Ce drame a révélé une réalité grave : ce gaz euphorisant est directement impliqué dans un nombre croissant de traumatismes routiers, de pertes de contrôle de véhicules, de collisions frontales et de sorties de route inexpliquées. Les forces de l’ordre font état d’accidents impliquant des conducteurs dont la conduite était erratique, lente ou incohérente, alors même que les dépistages d’alcool et de stupéfiants se révélaient négatifs, et que des cartouches ou ballons de protoxyde d’azote étaient retrouvés dans l’habitacle. Les services d’urgence rapportent des admissions pour arrêts cardio‑respiratoires soudains, chutes, traumatismes crâniens, fractures, blessures liées à la perte de connaissance et, dans les cas les plus graves, des décès. Sur le plan médical, le protoxyde d’azote agit comme un gaz neurotoxique : il provoque une hypoxie aiguë – une privation d’oxygène du cerveau – responsable de vertiges, de troubles de la vision, de désorientation, de ralentissement moteur et de pertes momentanées de conscience.
Une consommation répétée peut entraîner des atteintes neurologiques sévères, notamment des neuropathies périphériques, des troubles de la marche, des paralysies partielles et des atteintes médullaires parfois irréversibles. Cette altération brutale et profonde des capacités cognitives et motrices explique la dangerosité particulière de ce gaz lorsqu’il est consommé juste avant la conduite. Ainsi, loin d’être un produit anodin, le protoxyde d’azote est aujourd’hui à l’origine d’accidents graves et de séquelles durables, touchant majoritairement une population jeune et insuffisamment consciente des risques encourus.
Le protoxyde d’azote (N₂O), souvent présenté comme un gaz « ludique » ou « festif », est historiquement un gaz anesthésique. Son inhalation provoque une dissociation, une ivresse brève mais intense, une altération des perceptions et une réduction significative des réflexes moteurs.

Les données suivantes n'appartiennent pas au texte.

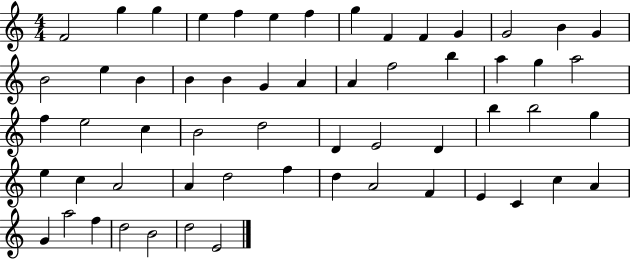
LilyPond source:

{
  \clef treble
  \numericTimeSignature
  \time 4/4
  \key c \major
  f'2 g''4 g''4 | e''4 f''4 e''4 f''4 | g''4 f'4 f'4 g'4 | g'2 b'4 g'4 | \break b'2 e''4 b'4 | b'4 b'4 g'4 a'4 | a'4 f''2 b''4 | a''4 g''4 a''2 | \break f''4 e''2 c''4 | b'2 d''2 | d'4 e'2 d'4 | b''4 b''2 g''4 | \break e''4 c''4 a'2 | a'4 d''2 f''4 | d''4 a'2 f'4 | e'4 c'4 c''4 a'4 | \break g'4 a''2 f''4 | d''2 b'2 | d''2 e'2 | \bar "|."
}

Ces effets, scientifiquement documentés, sont aujourd’hui en décalage total avec la perception due à sa banalisation. La réalité est pourtant sans appel : le protoxyde d’azote altère les capacités de conduite de façon comparable à l’alcool ou à certaines drogues, avec une rapidité d’effet et une imprévisibilité qui renforcent le danger pour le consommateur et pour les tiers.
Depuis plusieurs années, les professionnels de santé, les collectivités, les forces de sécurité, les associations de prévention, tirent la sonnette d’alarme. L’usage détourné de ce gaz a explosé : l’Agence nationale de sécurité sanitaire (ANSES) a signalé une multiplication des cas d’intoxication par six en quelques années ; plusieurs enquêtes nationales indiquent qu’une part croissante de jeunes – parfois mineurs – expérimente ou consomme régulièrement du N₂O, souvent en groupe et très fréquemment dans un véhicule stationné. Les services de police et de gendarmerie constatent, eux, une augmentation significative des interventions en lien avec cette pratique : accidents de la route inexpliqués, pertes de contrôle, comportements dangereux, malaises au volant, arrêts cardiaques soudains.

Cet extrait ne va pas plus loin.